# EXERCISE INSTRUCTIONS:
If a picture appears in the records, skip it; copy everything else exactly.
┄┄┄┄┄┄┄┄┄┄┄┄┄┄┄┄┄┄┄┄
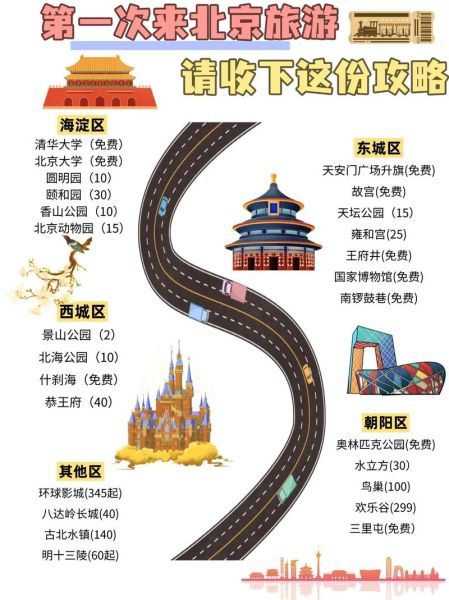 北京五日游多少钱_北京五日游自由行花费-第2张图片-俊逸知识馆
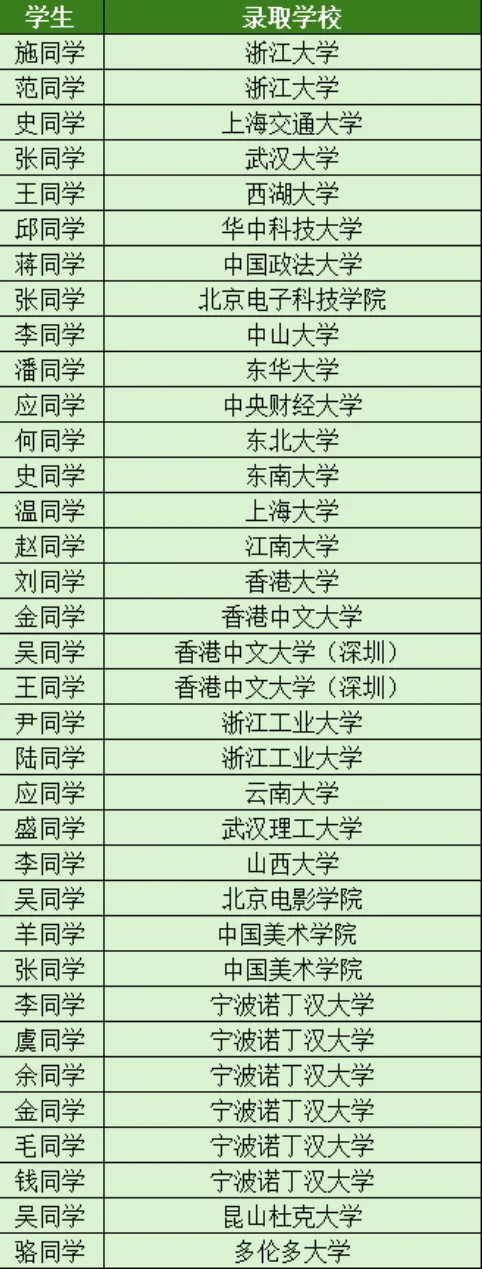 中考择校|拒绝内卷、看见每个孩子!杭州英特普高深度解读-第23张图片-四季读书网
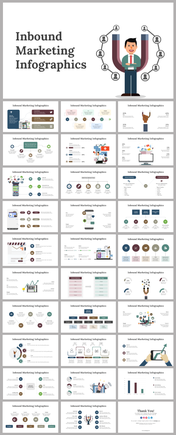 Inbound Marketing Infographics PPT And Google Slides Themes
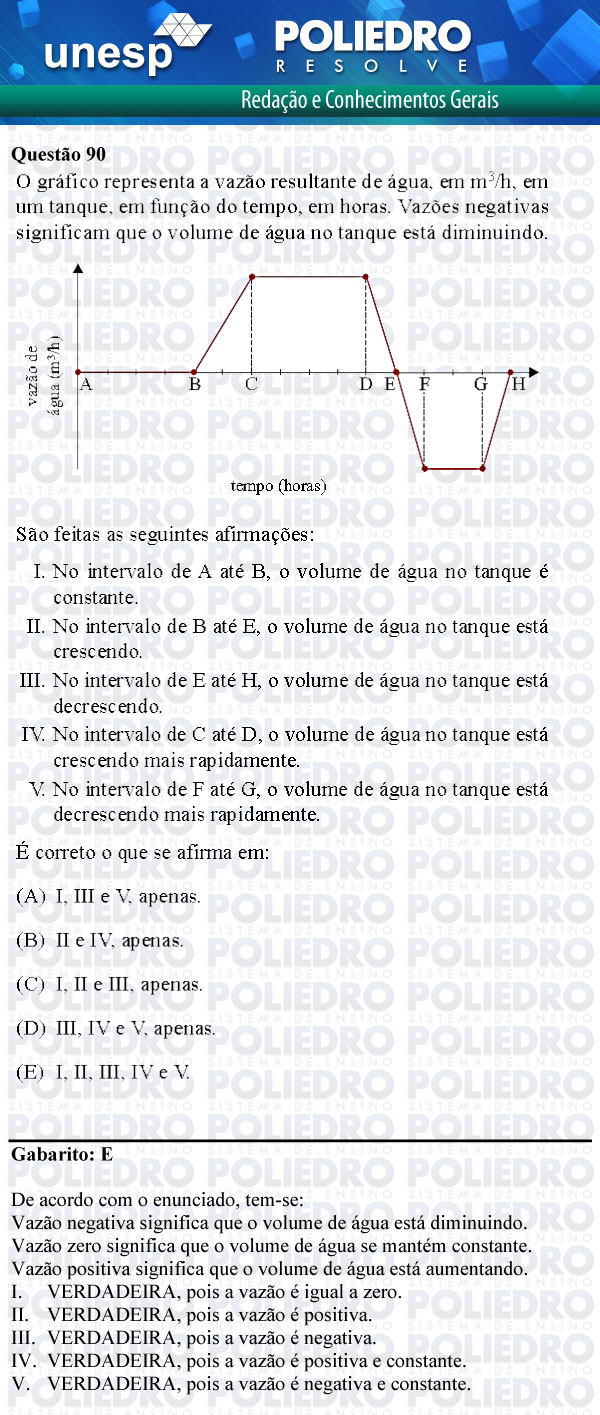 Questão 90 - 1ª Fase - UNESP 2012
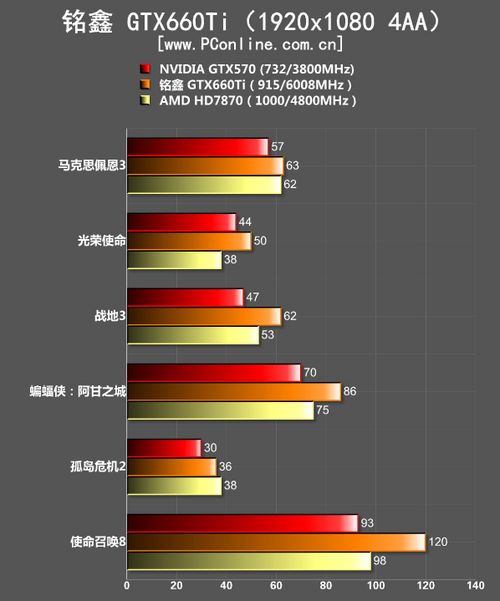 测试成绩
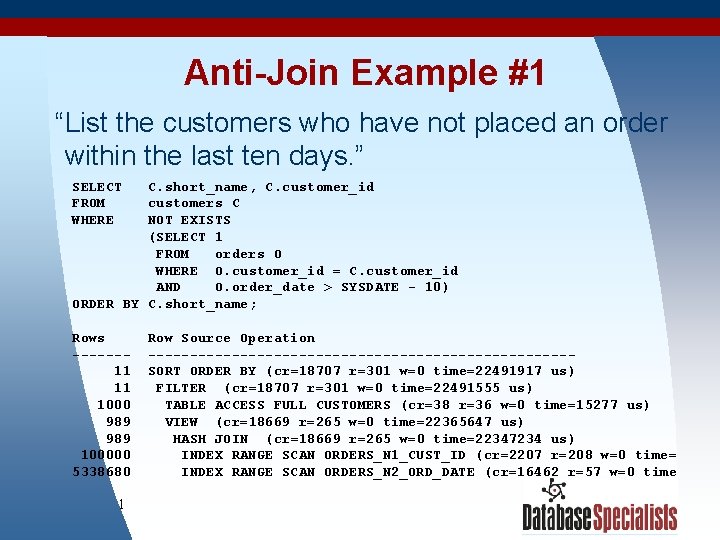 Anti-Join Example #1 “List the customers who have not placed an order within the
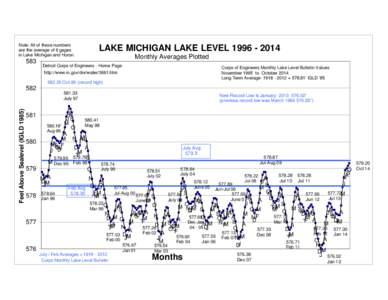 Note: All of these numbers are the average of 6 gages in Lake Michigan and Huron. 583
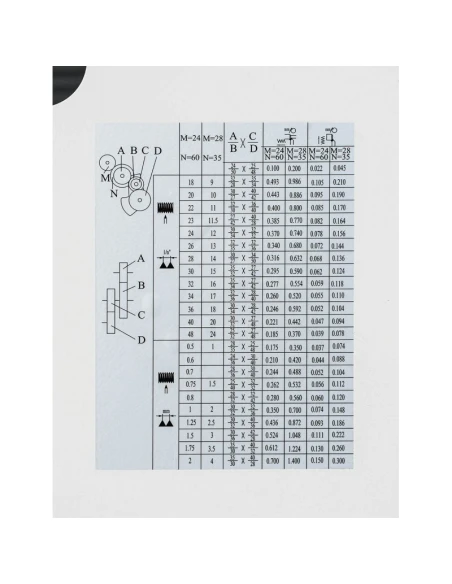 Soustružnicko-frézovací stroj CORMAK AT320 + nože + otáčky vřetena.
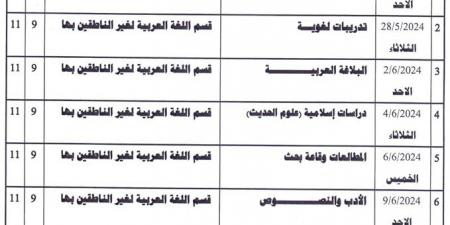بالبلدي : جدول امتحانات كلية الألسن جامعة عين شمس الترم الثاني 2024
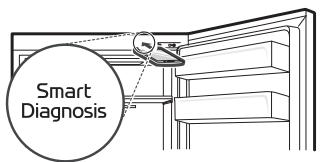 LG GTB744PZHZD - NOTE - 1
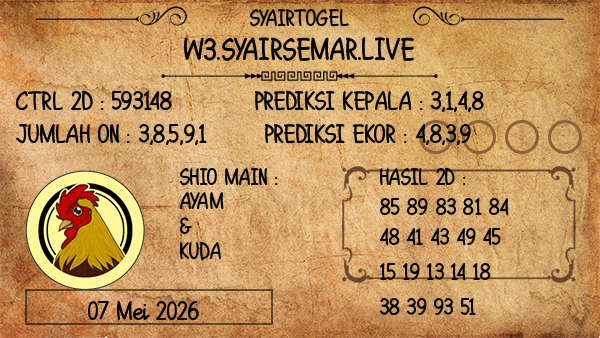 Prediksi Pcso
┄┄┄┄┄┄┄┄┄┄┄┄┄┄┄┄┄┄┄┄
# ANSWER BOX:
 北京五日游多少钱_北京五日游自由行花费-第2张图片-俊逸知识馆
 中考择校|拒绝内卷、看见每个孩子!杭州英特普高深度解读-第23张图片-四季读书网
 Inbound Marketing Infographics PPT And Google Slides Themes
 Questão 90 - 1ª Fase - UNESP 2012
 测试成绩
 Anti-Join Example #1 “List the customers who have not placed an order within the
 Note: All of these numbers are the average of 6 gages in Lake Michigan and Huron. 583
 Soustružnicko-frézovací stroj CORMAK AT320 + nože + otáčky vřetena.
بالبلدي : جدول امتحانات كلية الألسن جامعة عين شمس الترم الثاني 2024
 LG GTB744PZHZD - NOTE - 1
 Prediksi Pcso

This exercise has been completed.